• quickdraw (2/28/2011)


    #1 This will be faster than full text search for large loads (hundreds of queries per minute) on a db with millions of records/documents to search.

    ...

    Full text search was too slow for a high load environment, and I'd bet money on the fact that SQL Server is the same. You just can't push hundreds of full text searches per minute with a high number of documents. The method here will be faster.

    ------------------------------------------------

    #2 This method doesn't allow wildcards

    We dynamically built a SQL query for each keyword. This allows for the wildcards, and for special processing to allow wildcard suffixes. (See #3)

    ------------------------------------------------

    #3 By reversing the kewords in the keywords table, you get a new feature no database has (without a full table scan)

    One additional thing I did is to reverse all the keywords in the keywords table. Since Wildcard LIKE searches were allowed on the keywords table (like in full text search), having each keyword spelled backwards allowed a wonderful feature:

    Search keywords: "hold her %ly"

    [search for cheesy love novels: "hold her gently", "hold her gingerly", "hold her tightly"]

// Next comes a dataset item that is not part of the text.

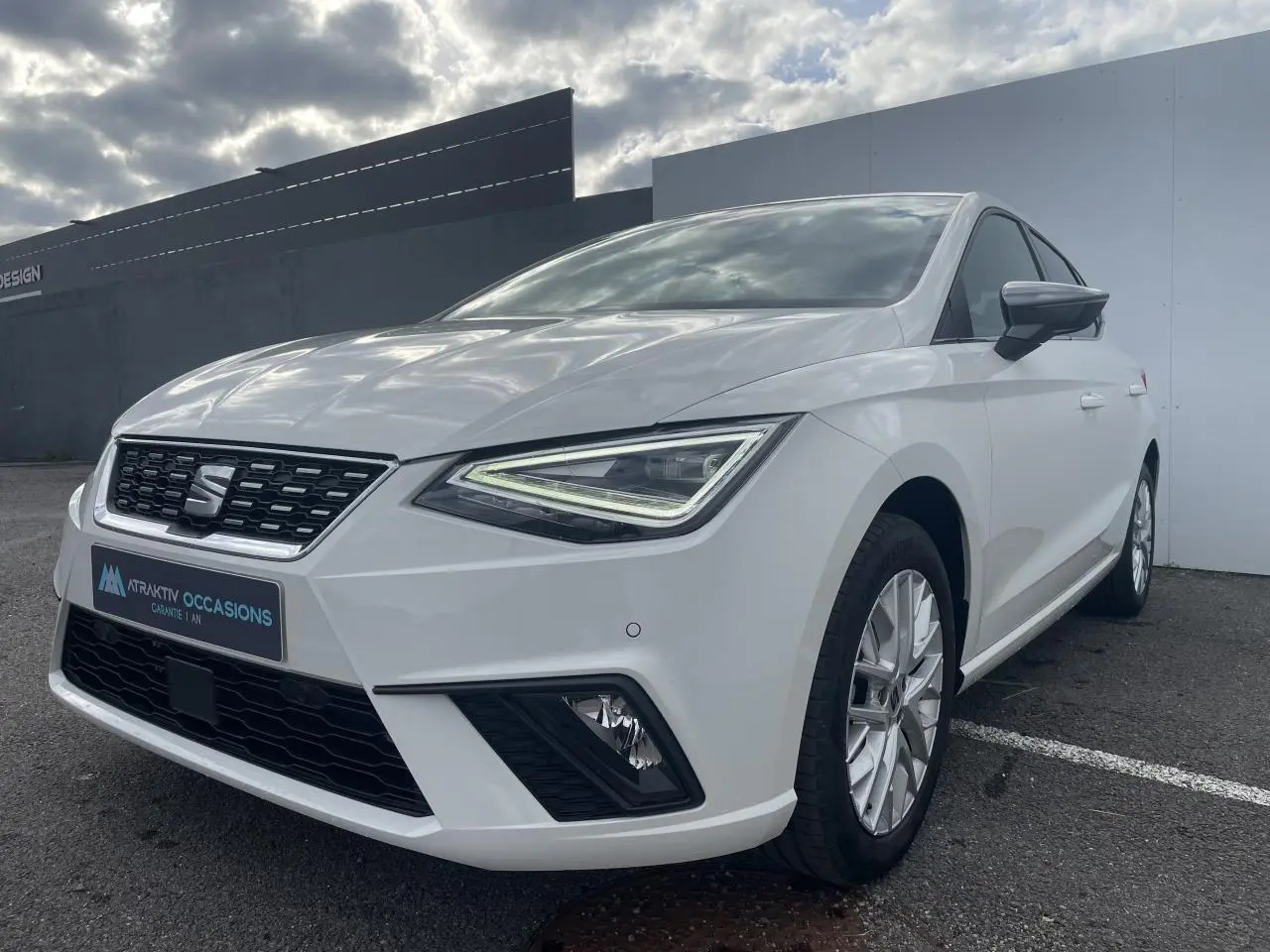 SEAT Ibiza blanche vue en 3/4 avant droit, avec phares LED triangulaires et jantes alliage 16 pouces.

    re: #1: We've been using FTS in SS2005 and SS2008 on moderate sized tables (about 4M items) with high concurrency and it performs very well. The key (for us) was to isolate the search results from the rest of query. For example:

    SELECT ... FROM A

    JOIN (SELECT key FROM A WHERE CONTAINS( search )) as S on S.key = A.key

    re: #2: The search predicate syntax is a bit involved so we normalize the user supplied text before using it as a search expression. For example, 'IRON MAN' becomes '("IRON*" and "MAN*") or "IRONMAN*"' and that meets most of business needs. We also strip out any punctuation and support special prefixes that the user app can send to modify the search behavior (e.g.: '>IRON MAN' becomes "IRON MAN*" which looks for an item with a word starting with IRON and any following word starting with MAN). We also let "power users" enter raw search expression.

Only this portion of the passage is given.